3月4日から7日までインド遠征に参加させて頂き、レポートを書かせて頂きます。

笑いあり、涙あり、トラブルだらけの4日間ですべて書こうと思うと文章はつきませんが、自分は南アジア選手権に選手として参加して感じたこと、空道を通じて他国の方々と交流し思ったことに焦点を絞って書かせて頂きます。

自分は海外へ行くこと自体まだあまり経験がなく、どきどきわくわくしながらインド北東部に位置するチェンナイ空港に降り立ったわけですが、その時点でアレルギー鼻炎が発症(環境が急に変わったからでしょうか?)、そして試合当日の朝食べた油ギトギトのナンとインド独特の揚げ物のオンパレードでひどい胃もたれに・・コンディションは最悪でしたが武道家はいついかなる状況でもやらねば!と勇んで会場に足を運びました。

すると空道着を見に纏ったインドやモルディブやスリランカの選手たちが30、40人くらいでしょうか、皆並んでお出迎えです。「押忍!!」と元気の良さが違います。もうその押忍だけで武道に対する憧れや尊敬といった想いがひしひしと伝わってきました。

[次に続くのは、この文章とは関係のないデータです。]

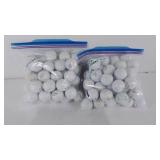 Eight dozen used golf balls, Callaway Mix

寂しいことですが日本ではなかなか感じられないことでした。

日本をでるときは、大会は階級別だと聞いていて自分はいつも通り-240で出場するつもりでしたが、当日になって「それじゃものたりないから各階級勝ち上がった選手全員とやれ」と塾長からお達しが・・・・「お、押忍!!」
武道家たるものいついかなる状況でもやらねば!!・・と鼻をずるずるさせて腹痛でげっそりしながら決心するのでした。

選手たちを観察しているとひとり関取かと思うほどのばかでかい人物が・・・身長180p以上、体重120キロくらいはあるでしょうか。まさかあれともやるんじゃ・・。黒木支部長は、肉厚でボリュームたっぷりの彼を見て即興で「ビッグマック」と名付けていました(笑)

そして遂に闘いの火蓋がきっておとされました。自分は出番までは初めての空道ルール審判でお手伝い、これがまた勉強になりました。選手からの視点では気付かなかったことに気付いたりまたルールを詳しく把握することで選手としてもより成長できました。

試合内容ですが、皆技術はまだかなり荒削りでパンチはぶん回すフックが多め、投げは苦し紛れのタックルばかりでまだまだこれからといった感じでした。ただなかには蹴りが非常に柔らかくきれいで将来が楽しみな選手もいました。全体的にスリランカの選手はきれいな打撃を打てるイメージでした。

観客も徐々にたくさん入ってきており、打撃や間接による一本もたくさんでて会場は興奮のるつぼと化しました。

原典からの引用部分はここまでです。